|
GREAT: GROUP-ACQUIRED BIPARTITE ALIGNMENT FOR GRAPH FAIRNESS ADAPTATION |
Soundness: 2: fair
Presentation: 3: good
Contribution: 2: fair
Rating: 2: reject
Confidence: 5: You are absolutely certain about your assessment. You are very familiar with the related work and checked the math/other details carefully. |
This paper investigates the problem of graph adaptation while considering fairness constraints. To address this challenge, the authors propose COSTA (Causality-attended Representation Disentanglement with Structural Alignment), a method that builds a causal graph to facilitate the disentanglement of sensitive information from node representations. This process is specifically designed to enhance model fairness. The effectiveness of the proposed method is validated through comprehensive experiments on multiple datasets, which demonstrate its strong performance in terms of both utility and fairness.

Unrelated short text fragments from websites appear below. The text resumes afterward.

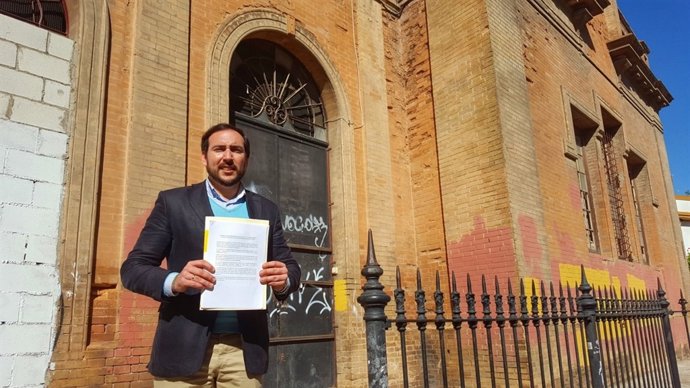 Moraga ante el edificio.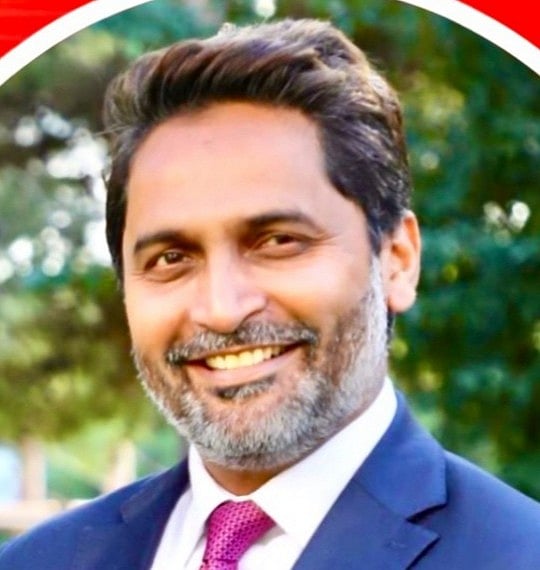 Rosh Manoli of Consolidated Shipping Services Group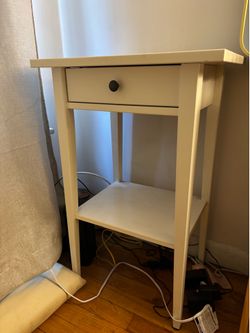 IKEA Nightstand / Side Table – White ( good condition)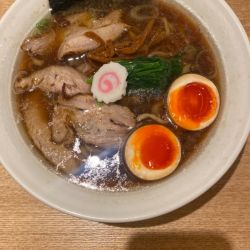 醤油ラーメン並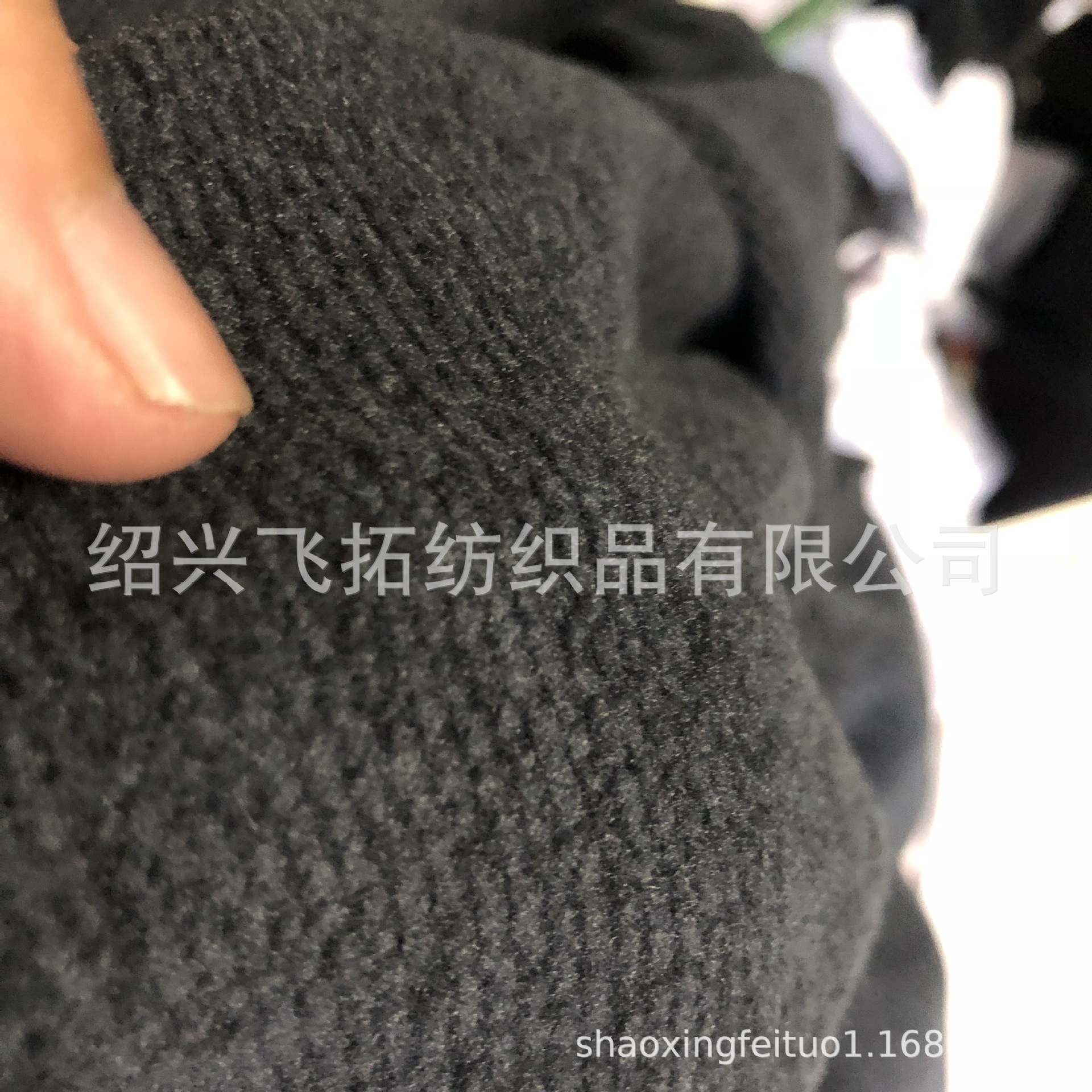 厂家直销针织全涤粗针阳离子单刷单摇摇粒绒面料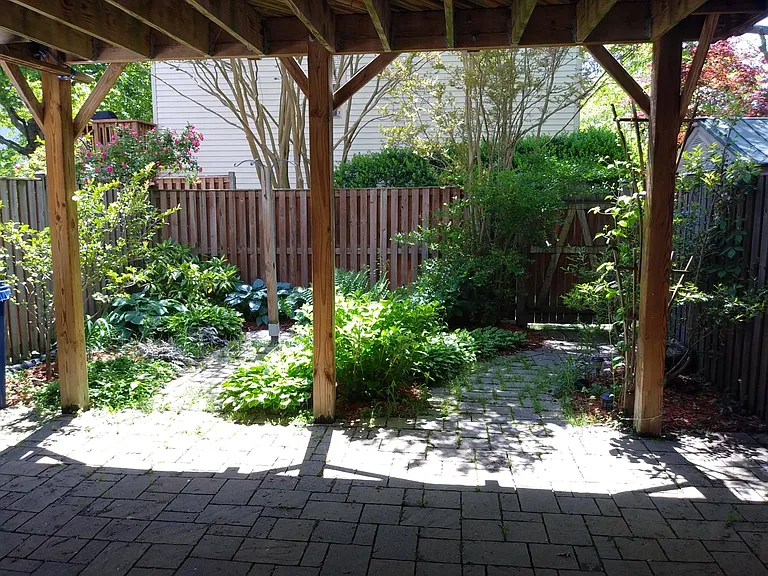 2711 Woodwalk Ct — Photo 24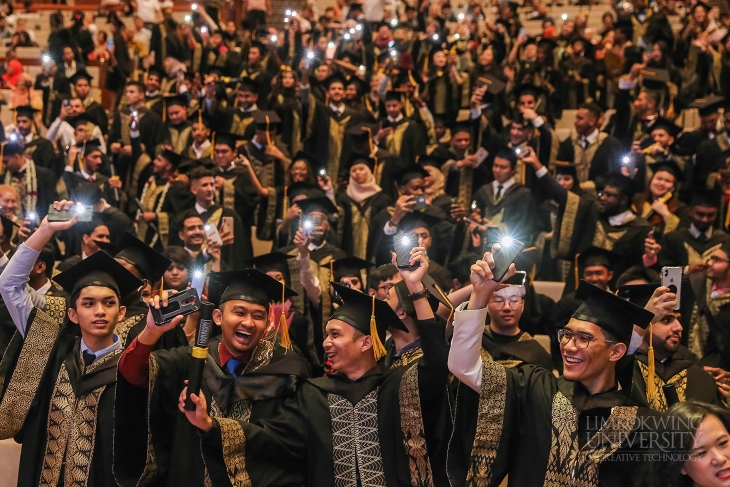 Arun Chaudhary receives an Honorary Doctorate in Entrepreneurship from Limkokwing University_005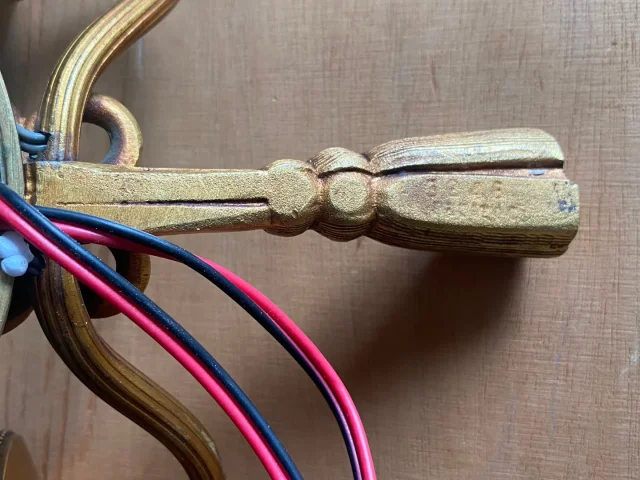 1950/70′ Paire d’Appliques en Bronze Doré Avec Miroir Convexe Signée Petitot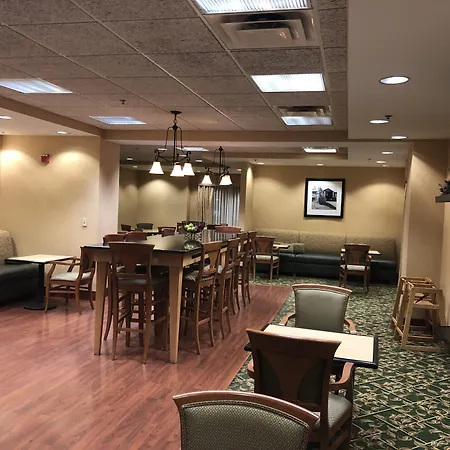 Hampton Inn Sidney-3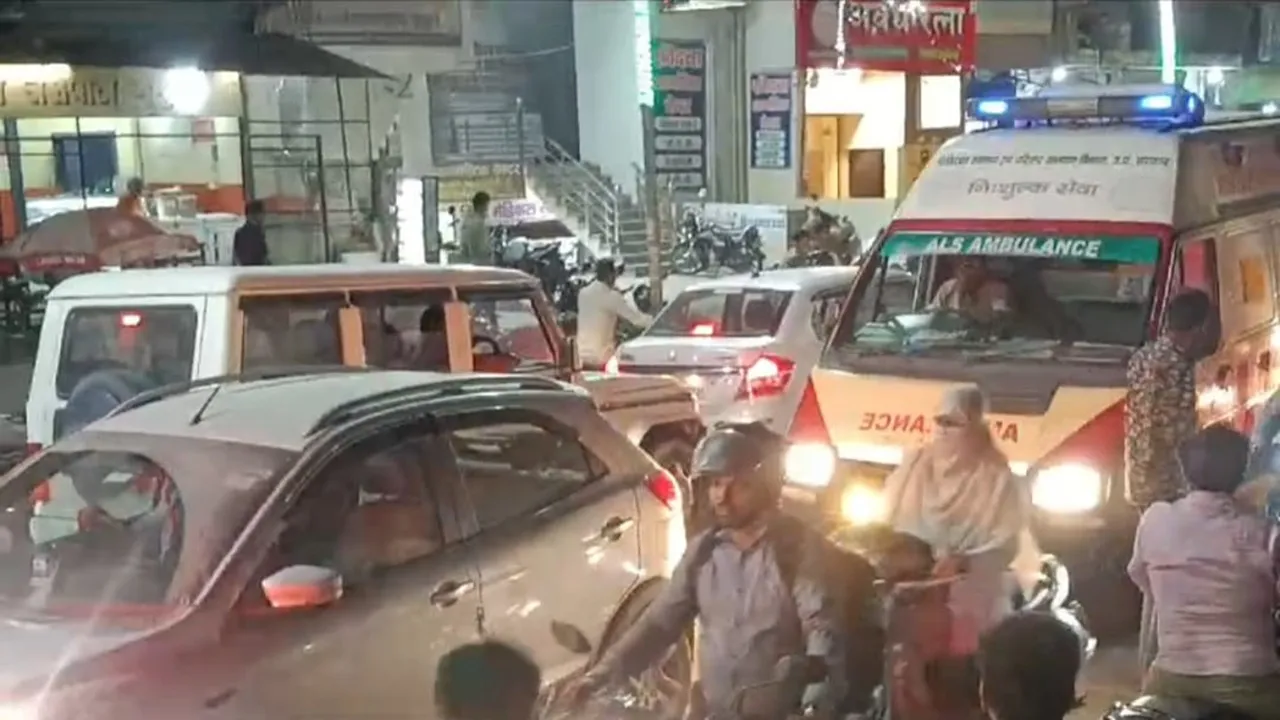 बहराइच में ट्रैफिक व्यवस्था ध्वस्त! एंबुलेंस को 100 मीटर की दूरी तय करने में लग गया 25 मिनट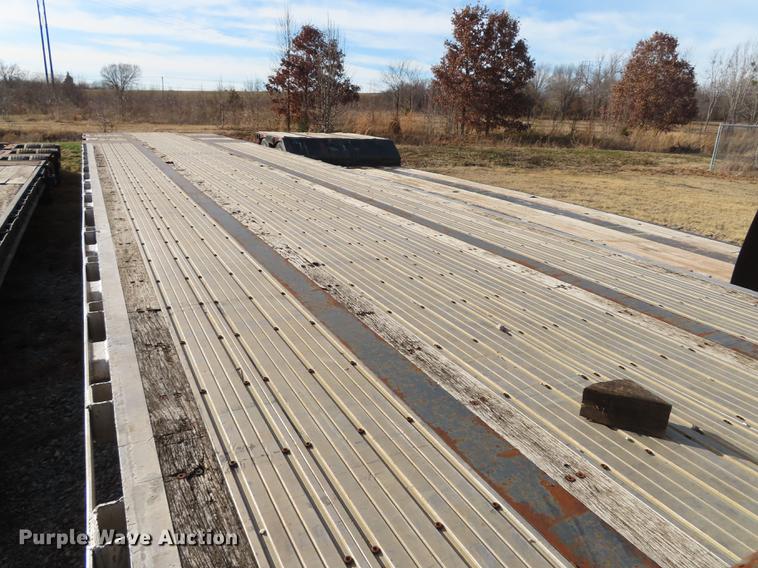 image for item DN9117 2001 Transcraft DTL3000 drop deck trailer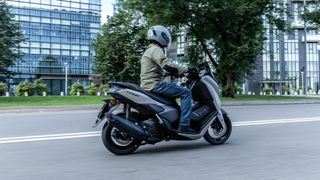 YAMAHA NMAX Tech MAX 2025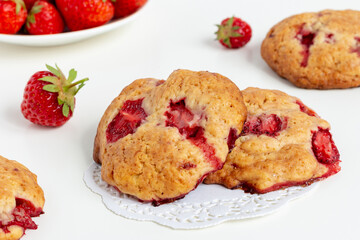 Tasty shortbread cookies with juicy strawberries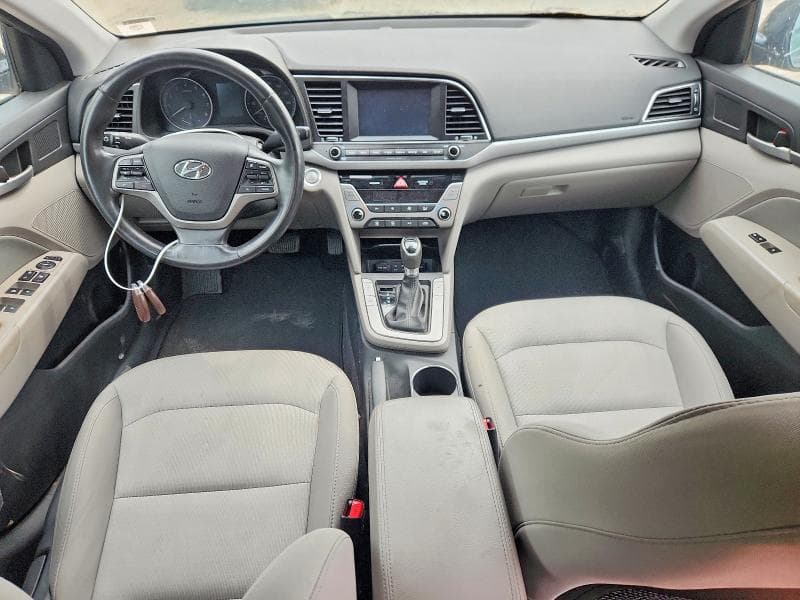 2017 HYUNDAI ELANTRA SE 8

S1: The paper is well-structured, and the proposed method demonstrates strong performance in both utility and fairness.
S2: The paper addresses a meaningful research problem that has been under-explored in prior work.
W1: Insufficient Description of Graph Adaptation Setting: The paper operates at the intersection of graph adaptation and fairness, necessitating a clear introduction to both fields. However, the background provided on graph adaptation in Section 2 is insufficient for readers not already expert in this area, making it difficult to fully grasp the problem setting. Furthermore, the paper should clarify the distinction between its proposed approach and existing work on fairness-aware GNNs under Out-of-Distribution (OOD) settings. This would help to better contextualize the paper's specific contributions.
W2: Inconsistent Source-Target Splitting Strategy: The paper employs inconsistent strategies for splitting datasets into source and target domains, which complicates the interpretation of the results. For example, the Credit-Cs dataset is split using modularity-based community detection, while the Pokec dataset is split based on geographic (province) information. This inconsistency leads to an ambiguous definition of what constitutes a "domain shift". Moreover, if the source and target domains are not sufficiently distinct, making source-domain sensitive attributes available during training could be tantamount to data leakage for the target domain. A more principled and unified approach to domain splitting would significantly strengthen the paper's experimental validity.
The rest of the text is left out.